Eric Koch, Adam Ginsburg, Tom Robitaille
Learning Goals¶
- Enabling dask for spectral fitting
- Example of fitting many spaxels in parallel using dask array functions
A "spaxel" refers to the spectrum associated with a single pixel in the spatial dimensions.
Keywords¶
radio astronomy, spectral-line data cubes, spectral fitting, spatial fitting
Summary¶
This tutorial presents a proof-of-concept demonstration of spectral fitting a whole spectral-line data cube. Using dask, this example splits the cube into subcubes and runs the fitting in parallel on these subcubes. Here, we use astropy.modeling to fit a single Gaussian to a small region in M33 mapped in CO(2-1) by the ALMA 7-m (ACA) array (Project ID 2019.1.01182.S).
Requires¶
pip install astropy spectral-cube dask dask_image aplpy
# Basic imports and settings for the notebook.
%matplotlib inline
import warnings
import numpy as np
import matplotlib.pyplot as plt
import astropy.units as u
We will download the $\sim10$ MB data cube available online for this tutorial:
from astropy.utils.data import download_file
datafile = download_file(
'https://zenodo.org/record/4050489/files/M33_ALMA_ACA_12CO21.cutout.fits',
cache=True, show_progress=True)
from spectral_cube import SpectralCube
# Note that the datafile will not end in ".fits". Because of that, we need to specify the format
# When the file name end in "fits", `format` will not need to be specified
cube = SpectralCube.read(datafile, format='fits', use_dask=True)
# Use km/s as the spectral unit
cube = cube.with_spectral_unit(u.km / u.s)
This cube is quite small and can be processed in a single chunk by dask (equivalent to using use_dask=True). However, larger cubes will be split into $>1$ chunk.
To demonstrate processing a large cube, we will split the tutorial data cube to have 16 chunks with a size of (300, 16, 16). Because the main goal is to fit the spectra, we will keep a single chunk along the spatial axis (set below using -1 for the 0th axis).
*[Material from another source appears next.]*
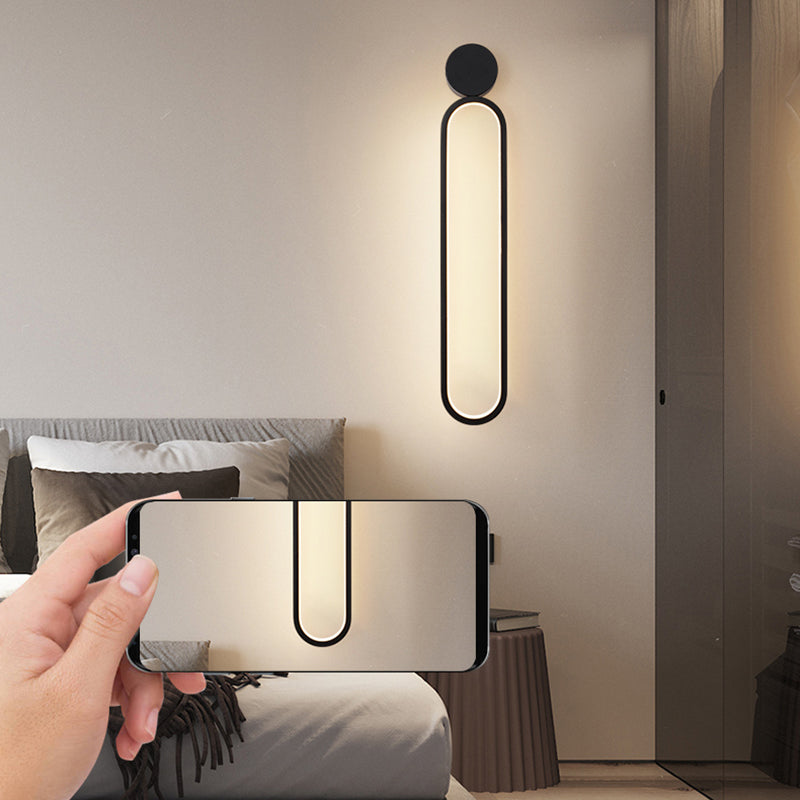 Modern Style Wall Mount Light Linear Wall Light Sconce for Sitting Room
We pass the chunk dimensions using the chunks keyword argument for the SpectralCube.rechunk function:
cube = cube.rechunk(chunks=(-1, 16, 16))
Each chunk now has a shape of (300, 16, 16), and there are 16 of these chunks in total.
Identifying spectra to fit¶
Model fitting requires sufficiently bright signal, and we want to begin the fitting with reasonable initial parameters.
We will first identify spectra with high signal-to-noise to fit and create a mask containing the signal. It is important to do this step because fitting is expensive, and poorly-constrained fits will have to be removed later; it is best to ignore unfittable spectra first.
To create the signal mask, we will use a few steps using mathematical morphology to find coherent regions of signal. Signal masking is covered in more detail in the masking and moments tutorial.
The goal of the signal mask is to find the most likely regions with real signal, while still recovering the surrounding faint signal. To identify these regions, we will create an initial "low" and "high" signal-to-noise masks, defined as above the $3\sigma$ and $6\sigma$ levels, where the noise level is estimated as the median absolute deviation along each spectrum:
# Estimate the noise along each line-of-sight
mad_std_plane = cube.mad_std(axis=0)
# Make a low and high mask
low_snr_mask = cube > 3 * mad_std_plane
high_snr_mask = cube > 6 * mad_std_plane
Next, we will label connected regions in low_snr_mask and label them. low_snr_mask and high_snr_mask are both dask arrays. We can use dask_image.ndmeasure for morphological operations instead of scipy.ndimage for numpy arrays. While both packages perform the same operations, dask images are better for huge files that will not fit into memory.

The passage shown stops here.